Record alcohol consumption, mounting violence and eye-watering beer prices have failed to mar this year's traditional Munich Oktoberfest, which reached half-time yesterday with its backers claiming that the marathon drinking event was set to become the most successful yet.
The Bavarian Red Cross said yesterday that the number of so-called "beer corpses" – meaning drinkers who had become totally incapacitated from over consumption – had gone up by 20 per cent compared with the same period last year.

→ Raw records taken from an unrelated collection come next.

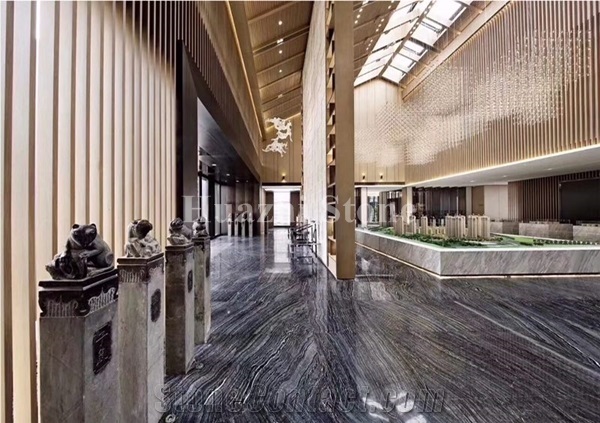 Kenya Black Marble Tiles & Slabs for Interiors, Hotel Floor Tiles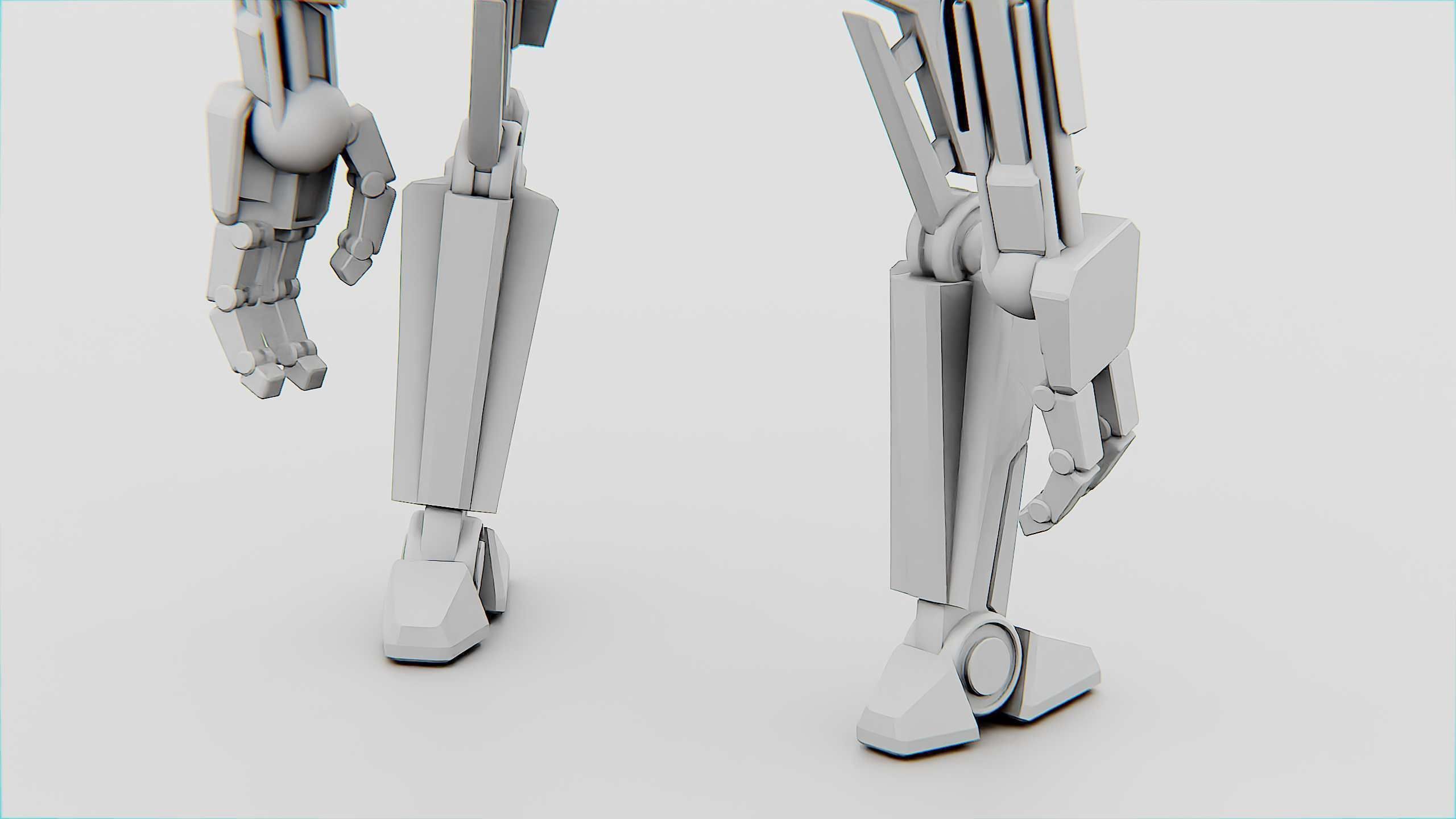 COMBAT DROID K-25 Rigged for Unreal Engine - Unity - MIXAMO  3D model_36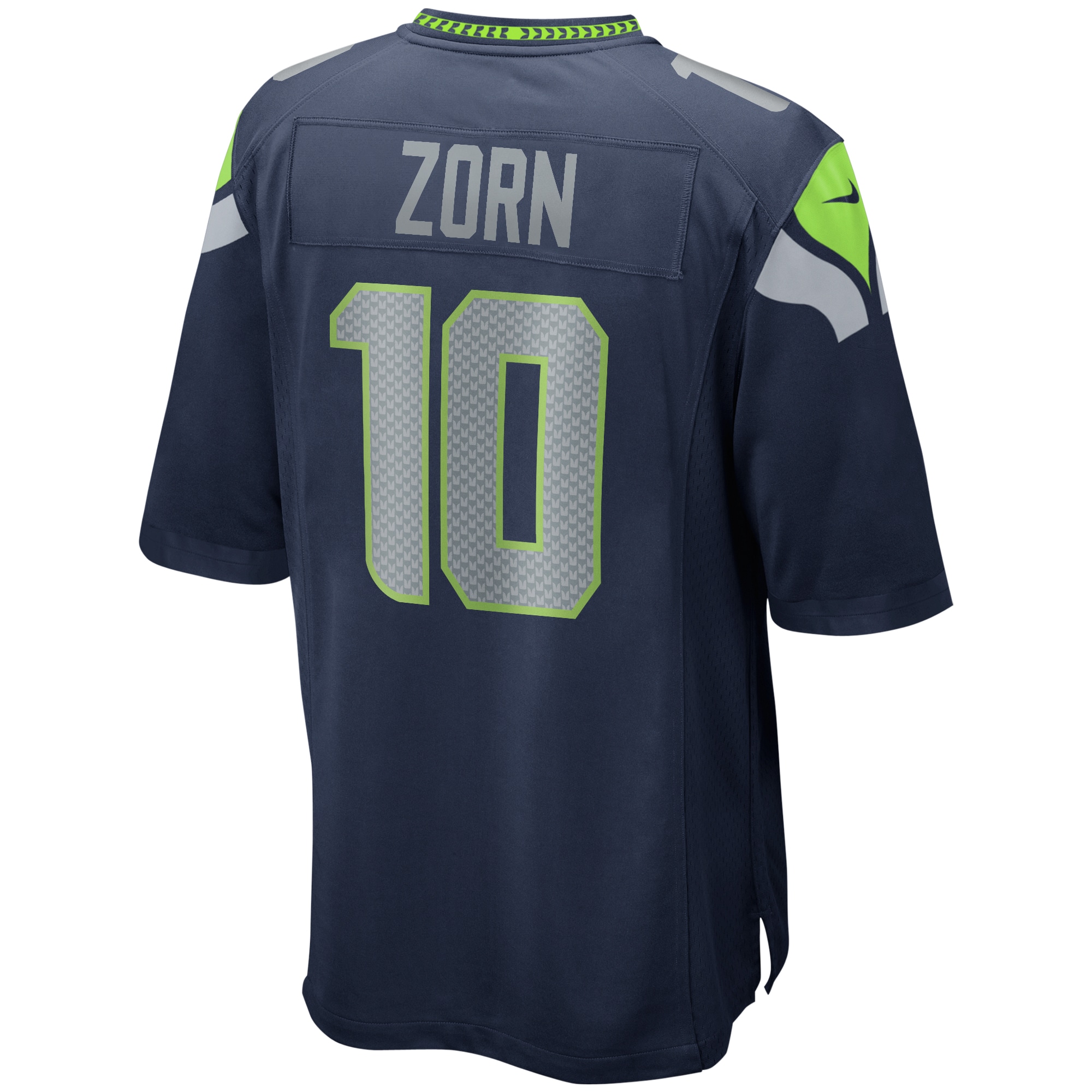 Seattle Seahawks Jim Zorn College Navy Game Retired Player NFL Jersey Men's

They said rescue workers had been called out 445 times to deal with legless drunks.
Police said there had also been a marked increase in drink-related violence with several festival goers resorting to assaults with the 1l glass beer mugs that are a traditional feature at the event.
"Hitting somebody or throwing beer steins is an extremely dangerous crime and we were glad to have been able to arrest 25 offenders on the spot," police vice-president Robert Kopp said.
The two-week-long festival got off to an inauspicious start with the Association Against Fraudulent Pouring complaining that the price of beer had increased by nearly 50 per cent over the past decade. The average price for a litre of Bavaria's best is currently €9.35 (£7.50), compared with €6.55 in 2002.
Jan-Ulrich Bittlinger, the association's president, said he was drawing up a petition in an attempt to persuade the Munich city government to cap the price of beer. But organisers said this year's festival had already attracted a record half-time figure of 3.6 million.